Il nous semble donc impossible que les témoins de Flavigny-sur-Ozerain, de Bolazec et de la Momonière de Montsoreau, n’aient pas effectivement vu ce qu’ils ont décrit, n’aient pas été les observateurs objectifs de « soucoupes » volantes « carrées ». Or, nous l’avons dit, pour des véhicules aériens, la forme cubique ou celle d’un parallélépipède rectangle presque cubique sont, du point de vue de la qualité aérodynamique, parmi les plus mauvaises qui soient et, dans le cadre de nos propres techniques de propulsion, elles conduiraient, en atmosphère dense, aux rendements les plus déplorables.
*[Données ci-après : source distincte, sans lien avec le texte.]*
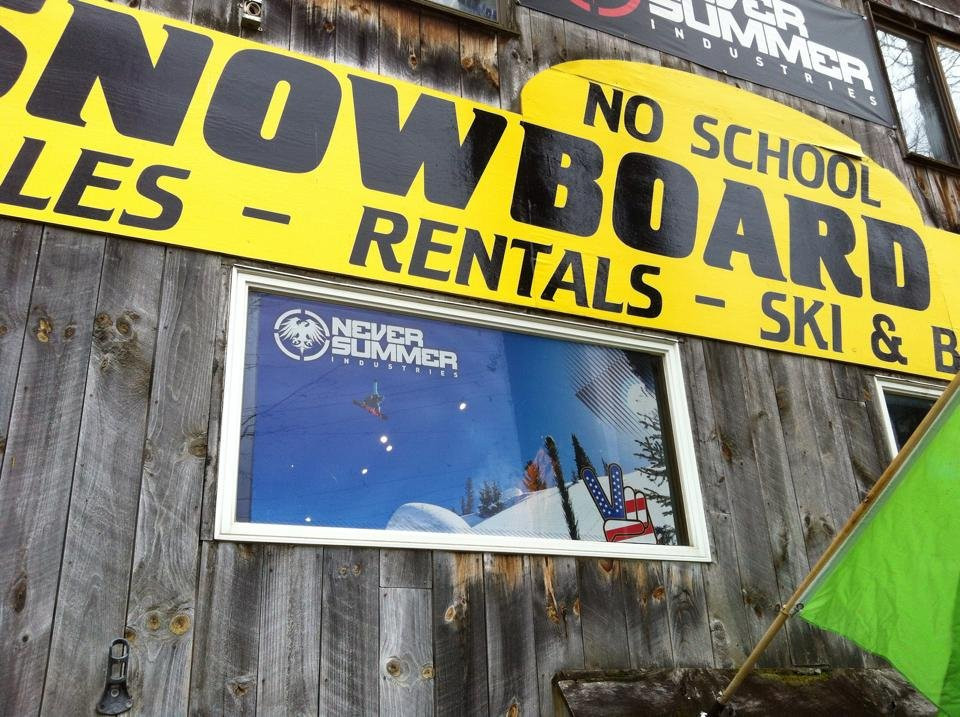 No School Snowboard Shop-Jeffersonville必去景点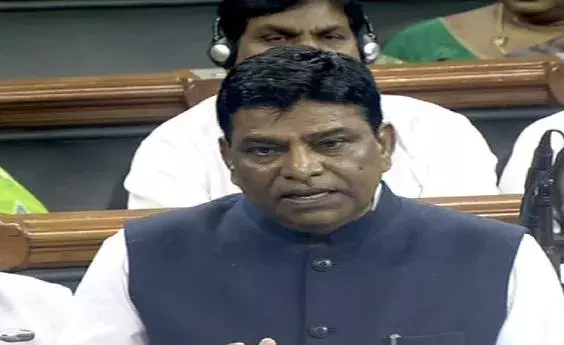 కాళేశ్వరం ప్రాజెక్టుపై అబద్ధాలు చెప్పారంటూ నోటీసులు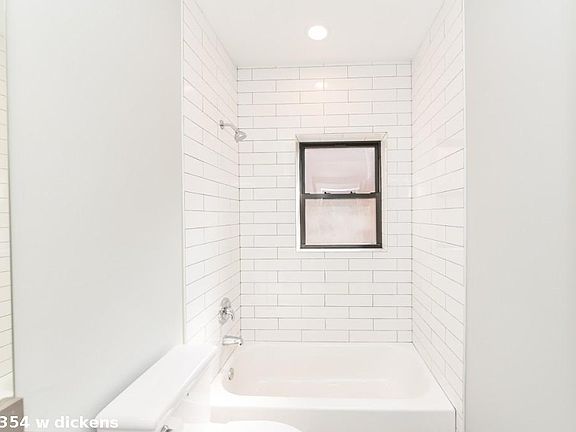 3rd image of 354 W Dickens Ave #821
Ce qui nous contraint à penser que, si les soucoupes sont effectivement des machines — et il est bien difficile d’en douter — leurs constructeurs ne se sont pas souciés de la qualité aérodynamique de leur profil. Dans ces conditions, s’ils n’ont pas pour autant renoncé à tirer le meilleur parti de leurs engins, même en atmosphère dense, ces engins doivent être mus par un système de propulsion qui nous est inconnu et au regard duquel les considérations aérodynamiques sont sans intérêt, n’entrent pas en ligne de compte. Un tel système de propulsion doit, en conséquence, exclure le choc direct des molécules gazeuses du milieu ambiant contre l’extrémité antérieure du mobile et leur frottement contre ses parois latérales. L’existence même des soucoupes « carrées » tend donc à prouver que des constructeurs inconnus, mais que nous supposons attentifs au rendement de leurs véhicules aériens dans tous les milieux, ont découvert et mis en œuvre un système de propulsion qui nous échappe, mais qui pourrait être un système de propulsion « à la Plantier », c’est-à-dire un système de propulsion « par champ » éliminant les impacts moléculaires sur les parois et rendant inutile la recherche d’un profil aérodynamique optimal.